A ceux qui ne sont pas contents et qui disent que ce n’est pas leur travail, on rappelle que Paris a un régime de faveur, qu’il n’est pas prudent de « soulever ce lièvre » car vous risquez de rappeler que l’instituteur doit aussi assurer l’éducation physique… A force d’avoir peur de « soulever des lièvres », et de considérer comme des privilèges ce qui n’est même pas suffisant, nous finirons par assurer la garde des enfants le jeudi et pendant les grandes vacances. Pourquoi pas puisque nous sommes bons à tout ?

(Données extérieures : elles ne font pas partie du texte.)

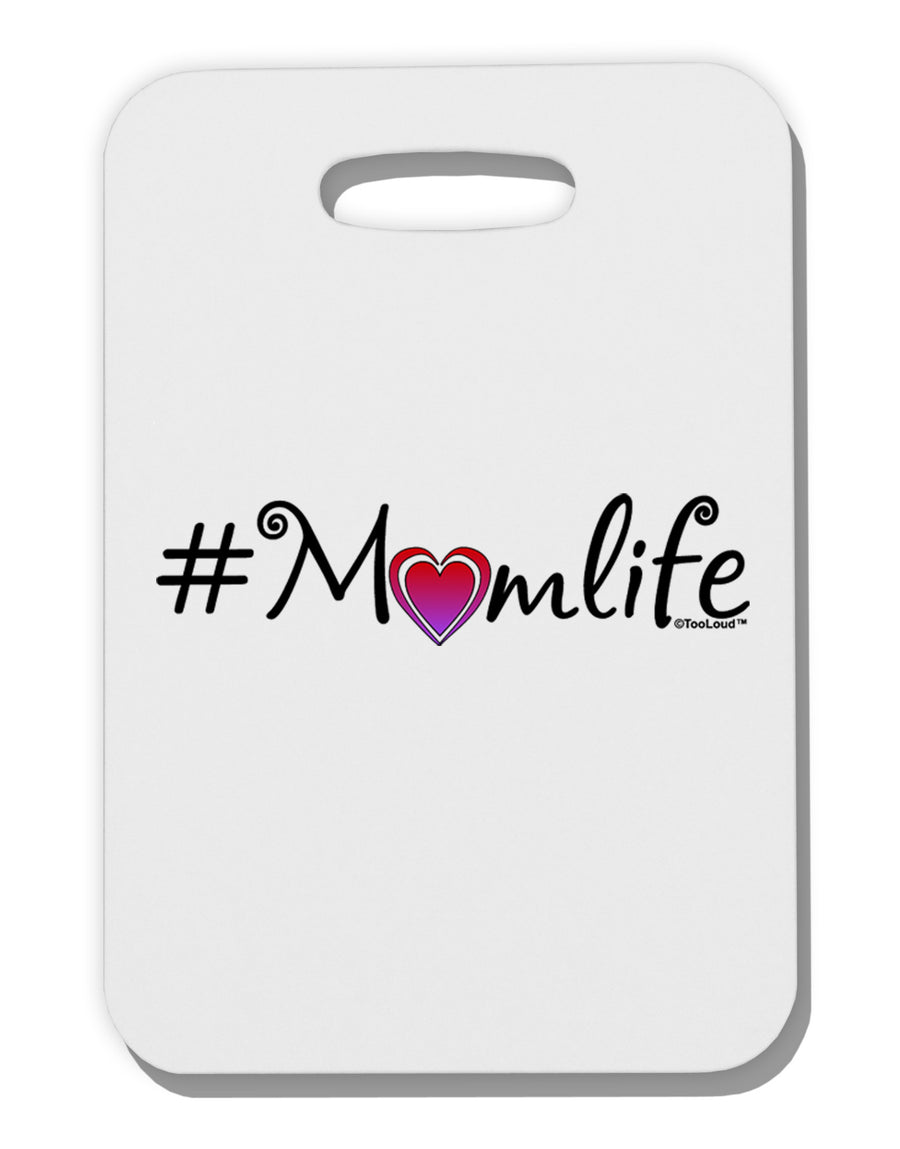 Hashtag Momlife Thick Plastic Luggage Tag-Luggage Tag-TooLoud-White-One Size-Davson Sales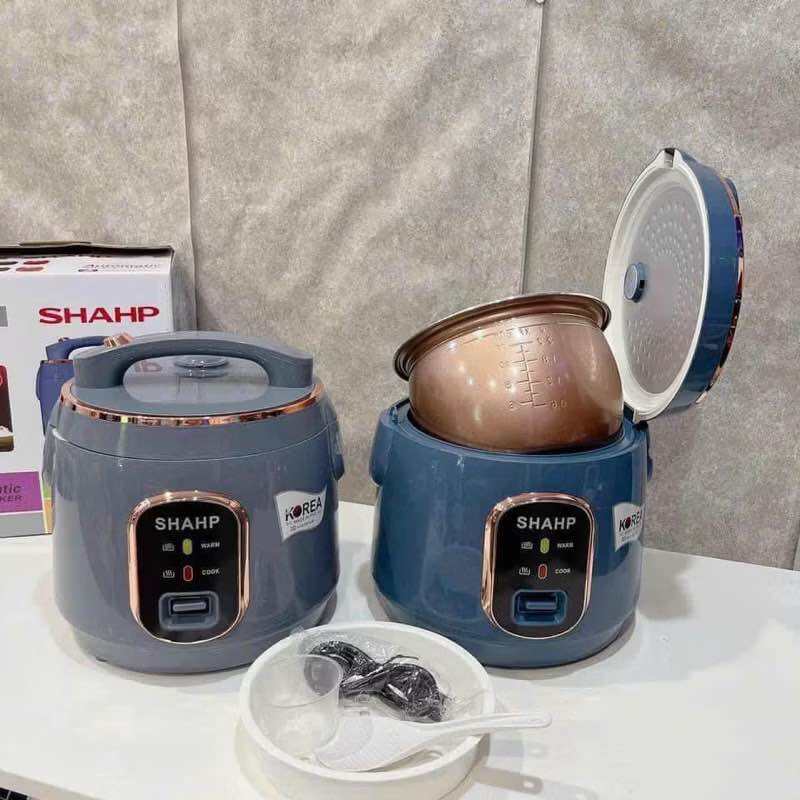 Nồi Cơm Điện SHAHP dung tích 1L-1.2L-1.8L mẫu mới sang trọng hiện đại phong cách Nhật Bản nấu cơm chín nhanh, nồi cơ siêu bền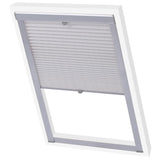 Vidaxl Roller blind pleated white SK06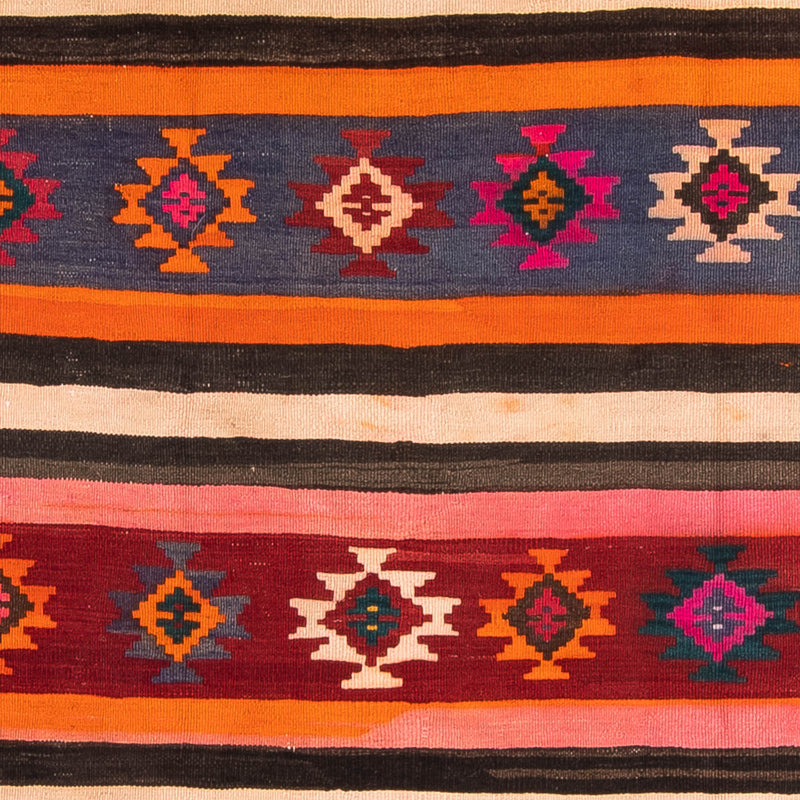 Loper Kelim tapijt - Oud - 330 x 145 cm - veelkleurig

Pour les enfants cela se traduit tout simplement par la suppression des heures de gymnastique, car, bien entendu, nous ne faisons pas ces leçons de maintien, pas plus que les leçons de gymnastique destinées à compléter celles du professeur. Mais il ne suffit pas d’opposer à ces mesures ridicules une résistance passive, dont seuls les enfants font les frais. Il faut refuser nettement de faire ces leçons et exprimer publiquement ce refus, informer les parents que supprimer un professeur spécial c’est supprimer l’enseignement lui-même, exiger qu’on conserve et même qu’on augmente les heures de ces professeurs, exiger le matériel nécessaire. Il ne faut pas craindre de faire connaître les conditions lamentables dans lesquelles sont élevés les enfants. Il faut refuser d’en endosser la responsabilité car un individu seul ne peut assurer correctement l’instruction, le développement physique et les loisirs de 40 enfants.